1856-1862
My first sermons were to me the most tremendous endeavours
of my life, because I felt the awful responsibility
of standing in a pulpit, knowing that a great many
people would be influenced by what I said concerning
God, or the soul, or the great future.
When I first began to preach, I was very cautious
lest I should be misrepresented, and guarded the subject
on all sides. I got beyond that point. I
found that I got on better when, without regard to
consequences, I threw myself upon the hearts and consciences
of my hearers.
In those early days of my pastoral experience I saw
how men reason themselves into scepticism. I
knew what it was to have a hundred nights poured into
one hour.
I remember one infidel book in the possession of my
student companion. He said, “DeWitt, would
you like to read that book?” “Well,”
said I, “I would like to look at it.”
I read it a little while. I said to him, “I
dare not read that book; you had better destroy it.

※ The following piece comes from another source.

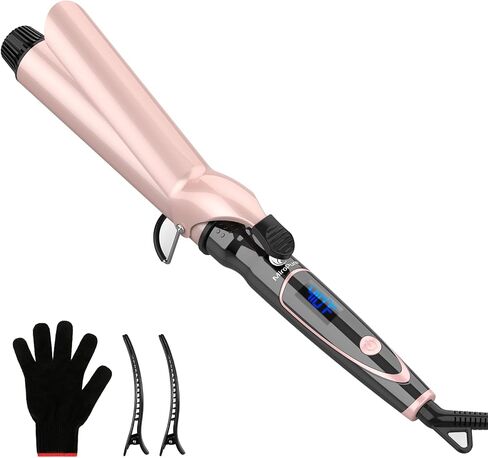 Curling Iron 1 1/2-inch Dual Voltage Instant Heat with Extra-Smooth Tourmaline Ceramic Coating, Glove Included by MiroPure in Saudi Arabia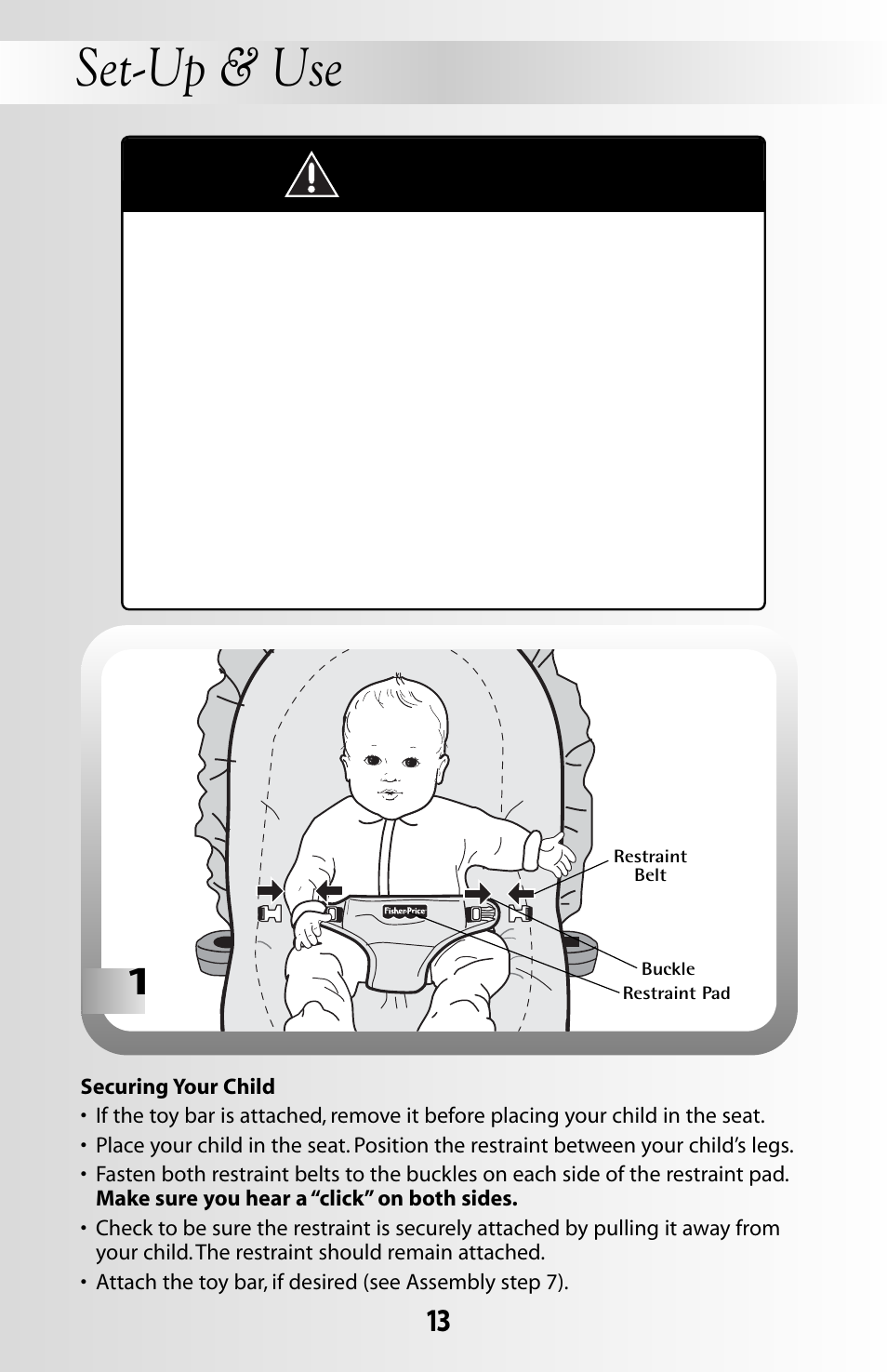 Set-up & use, Warning | Fisher-Price OCEAN WONDERS 79030 User Manual | Page 13 / 20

I give you my advice, you had better destroy it.
I dare not read that book. I have read enough
of it.” “Oh,” he said, “haven’t
you a stronger mind than that? Can’t you
read a book you don’t exactly believe, and not
be affected by it?” I said, “You had better
destroy it.” He kept it. He read it
until he gave up the Bible; his belief in the existence
of a God, his good morals; until body, mind and soul
were ruined—and he went into the insane
asylum. I read too much of it. I read about
fifteen or twenty pages of it. I wish I had never
read it. It never did me any good; it did me
harm. I have often struggled with what I read
in that book. I rejected it, I denounced it,
I cast it out with infinite scorn, I hated it; yet
sometimes its caricature of good and its eulogium of
evil have troubled me.
With supreme gratitude, therefore, I remember the
wonderful impression made upon me, when I was a young
man, of the presence of a consecrated human being
in the pulpit.
It was a Sabbath evening in spring at “The Trinity
Methodist Church,” Jersey City. Rev. William
P. Corbit, the pastor of that church, in compliment
to my relatives, who attended upon his services, invited
me to preach for him. I had only a few months
before entered the Gospel ministry, and had come in
from my village settlement to occupy a place in the
pulpit of the great Methodist orator. In much
trepidation on my part I entered the church with Mr.
Corbit, and sat trembling in the corner of the “sacred
desk,” waiting for the moment to begin the service.
A crowded audience had assembled to hear the pastor
of that church preach, and the disappointment I was
about to create added to my embarrassment.